**DESCRIPTION OF THE TASK**
Reproduce the entries that follow exactly, dropping each image.
═════ PROVIDED RECORDS ═════
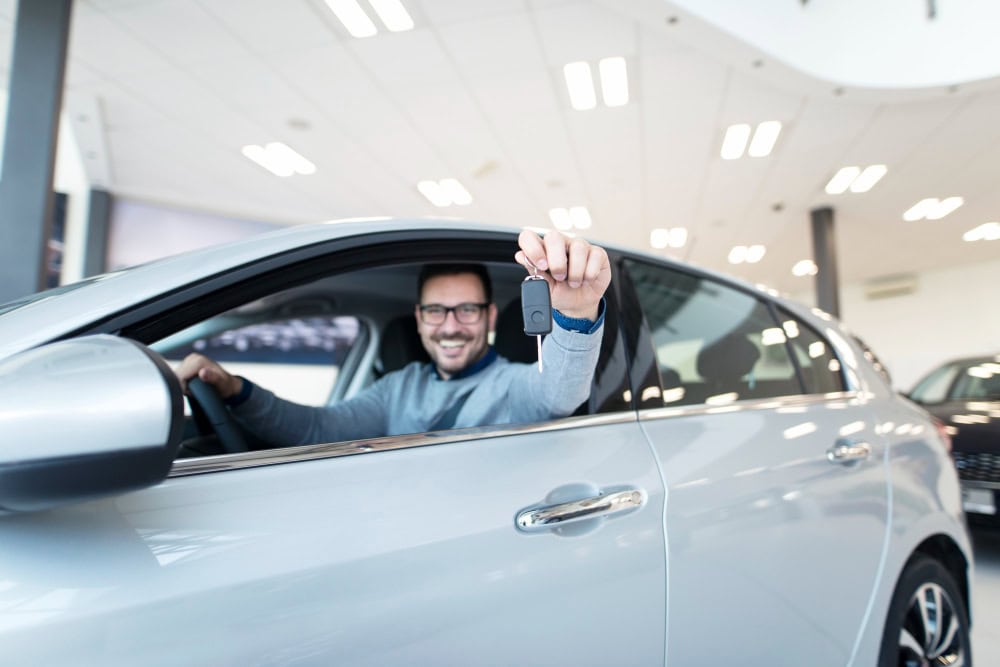 Smiling man sits in a silver car inside a bright showroom, holding up a car key to the camera or viewer.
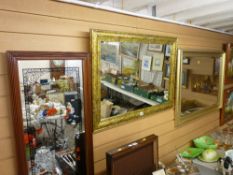 Two good gilt framed wall mirrors and a mirror with lady decoration and the word 'Summer'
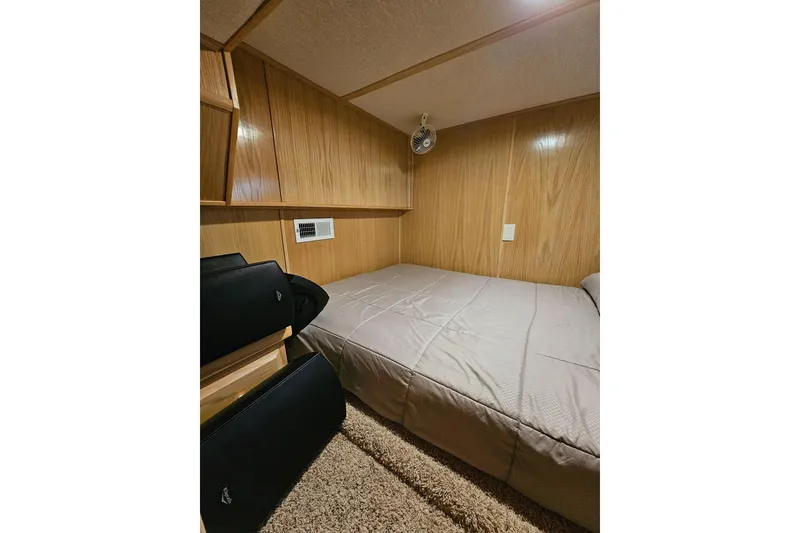 Slide: The Image of Cozy bedroom in 2002 Lakeview 16x60 houseboat with wood paneling and compact design. - 36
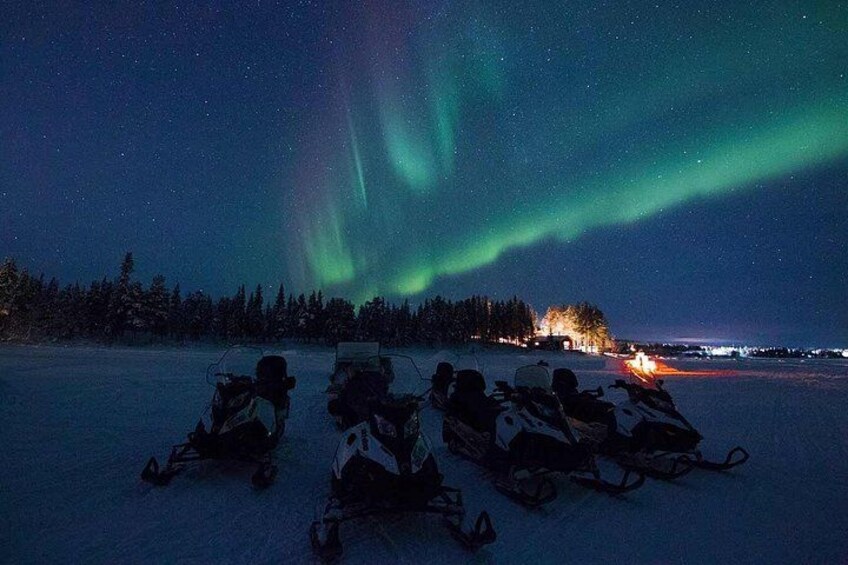 A snowy landscape with people on snowmobiles, a campfire, and the Northern Lights. 3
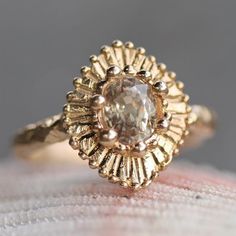 a close up view of a gold ring with an oval shaped diamond in the center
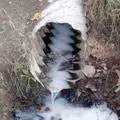 Chemicals exiting pipe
═════
**RESULT OF THIS TASK**
 Smiling man sits in a silver car inside a bright showroom, holding up a car key to the camera or viewer.
 Two good gilt framed wall mirrors and a mirror with lady decoration and the word 'Summer'
 Slide: The Image of Cozy bedroom in 2002 Lakeview 16x60 houseboat with wood paneling and compact design. - 36
 A snowy landscape with people on snowmobiles, a campfire, and the Northern Lights. 3
 a close up view of a gold ring with an oval shaped diamond in the center
 Chemicals exiting pipe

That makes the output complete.